Tom Hastings, Hastings Area Chamber president, reiterated the chamber’s long-standing opposition to the act. Hastings said the act — which is opposed by both the U.S. and state chambers — would ultimately increase operation costs for businesses during a time when such increases could be detrimental to their survival.
“Basically, it puts more regulations and stipulations on things that they have to follow,” Hastings said. “I think one of the main things we’re concerned about with this law is the fact that, right now, if a group of employees wants to vote to become unionized, it’s done by secret ballot. With the new legislation, that would not necessarily be the case.
“Under the new law, if you are signing a paper indicating you would like to belong to a union, you are signing in front of numerous people, where you could have pressure put on you one way or the other.
America has been built on secret ballot elections.” Another concern Hastings said the chamber shared was the 120-day time limit placed on negotiations between the business owner and union to reach a certification agreement. In the event an agreement is not reached, a government arbitrator would be brought in to set the terms of the first two year contract.
“If a company votes to become a union and management and the union cannot get a labor negotiation agreement figured out, then the government will step in and monitor and pretty much help make that decision,” Hastings said.

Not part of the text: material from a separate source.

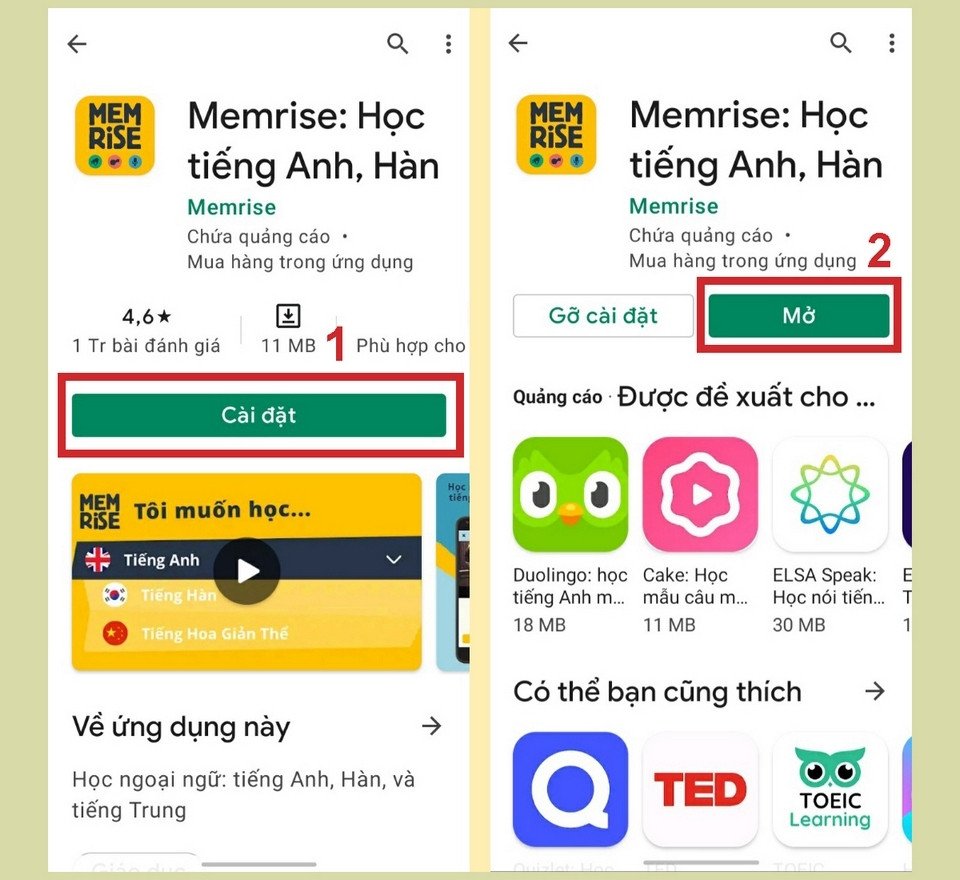 Màn hình ứng dụng Memrise với các bài học tiếng Trung miễn phí trên laptop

“What a lot of businesses are saying is that that’s way too quick to negotiate contracts.” Ultimately, Hastings and other opponents believe the legislation would hurt businesses by saddling them with additional regulations that could prove detrimental to their bottom line operating costs. “We’re pro-business,” he said. “We’re here to do whatever we can to help the business community. And we just don’t feel this is something that would be a benefit to our business community. “We feel it would really end up costing them a lot more money. And in economic times like this, we just can’t afford to have our businesses spending any more money than they are spending right now.” Jack Schreiner, president of Bruckman Rubber, said the pro posed law would have a disastrous effect on the U.S. manufacturing sector.

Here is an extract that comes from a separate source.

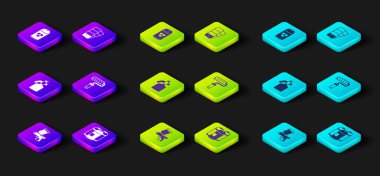 Boya sprey tabancası, kutu, paten fırçası, renk palet rehberi ve simge ayarla. Vektör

“I think it would be the beginning of the end for the rest of manufacturing, what’s left in the USA,” he said. “If we pass that law you are going to see them going overseas in droves. And manufacturing and agriculture that create products are the real wealth builders in this country. It’s going to affect every person in this country.”
Both the idea of eliminating the mandatory secret ballot for employee voting and increasing the cost to do business with additional regulations go against the fundamental principles of economic prosperity and fair play, he said.
“The idea of taking away a secret ballot — something that’s so sacred to America — makes no sense to me,” he said. “If you completely want to cripple this country’s economic engine, vote for it.
“I think there are a lot of people out there that still think you can get something for nothing, that all you have to do is pass this law and all of a sudden you’ll unionize and get more money and benefits.
They forget about those people who have to pay for all of this.”